• _WHAT IS BEING ASKED_: The response should contain only the line with "miR-1/ANGPT2 axis." and every line after it to the end of the listing below, duplicated exactly; no picture belongs in it.

• _INFORMATION PROVIDED_:
▬▬▬▬▬▬

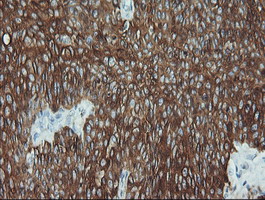 m02101 6 anti cytokeratin 19 krt19 mouse monoclonal antibody clone id oti3f8 ihc testing 6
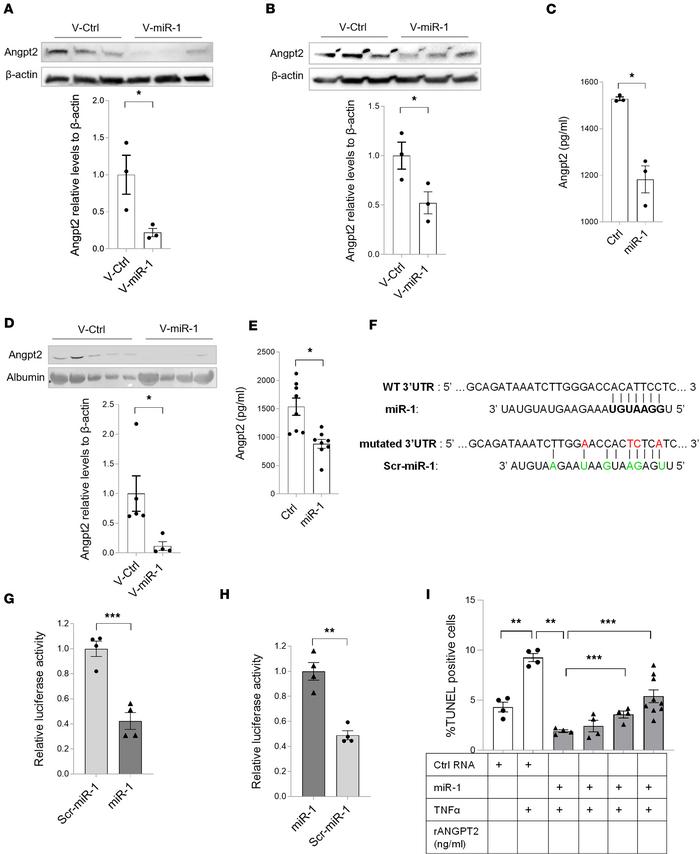 miR-1/ANGPT2 axis.
(A and B) Endothelial cells were transduced with V-mi...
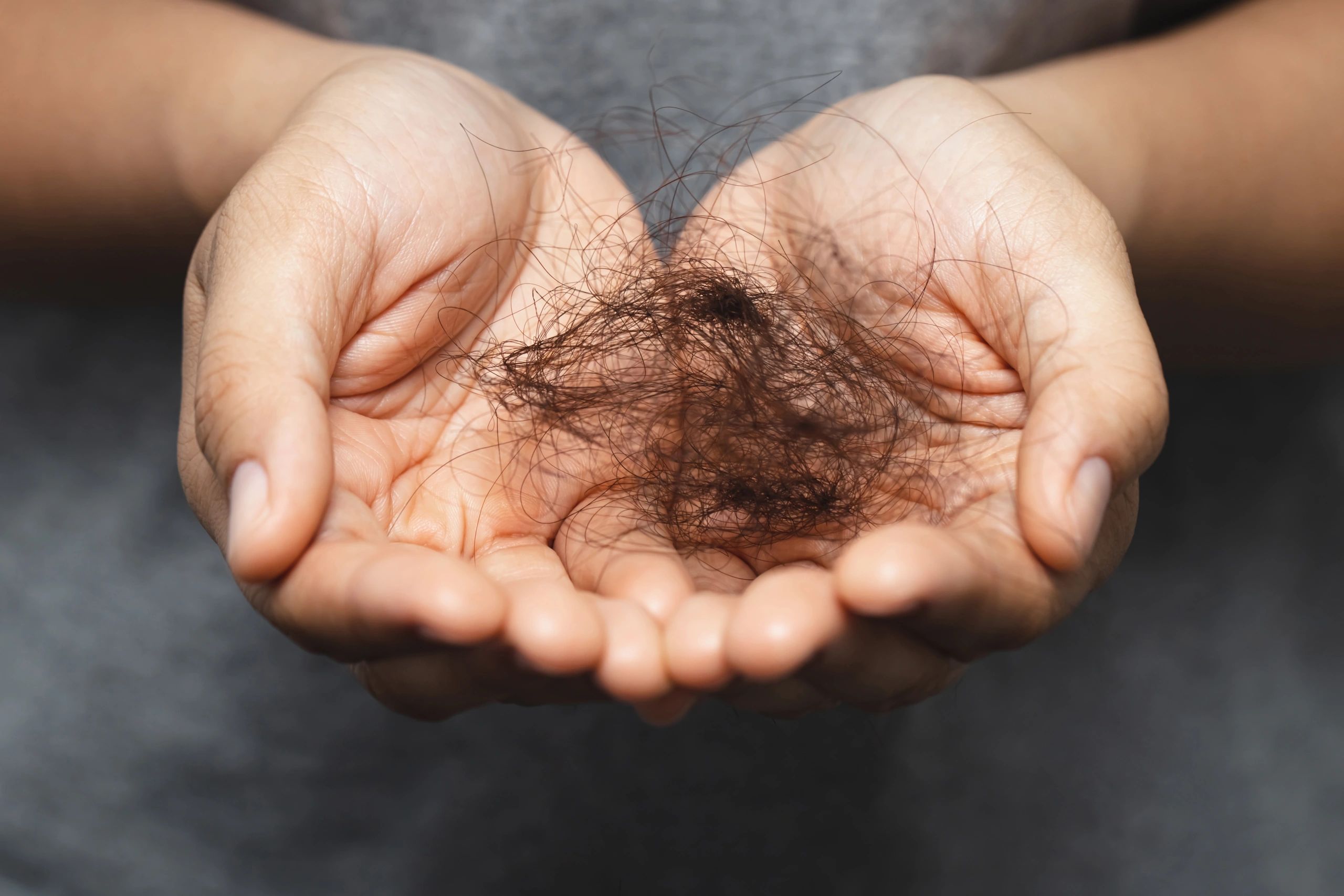 Hands holding a clump of fallen hair, symbolizing hair loss.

▬▬▬▬▬▬

• _ANSWER TO THIS PROBLEM_:
 miR-1/ANGPT2 axis.
(A and B) Endothelial cells were transduced with V-mi...
 Hands holding a clump of fallen hair, symbolizing hair loss.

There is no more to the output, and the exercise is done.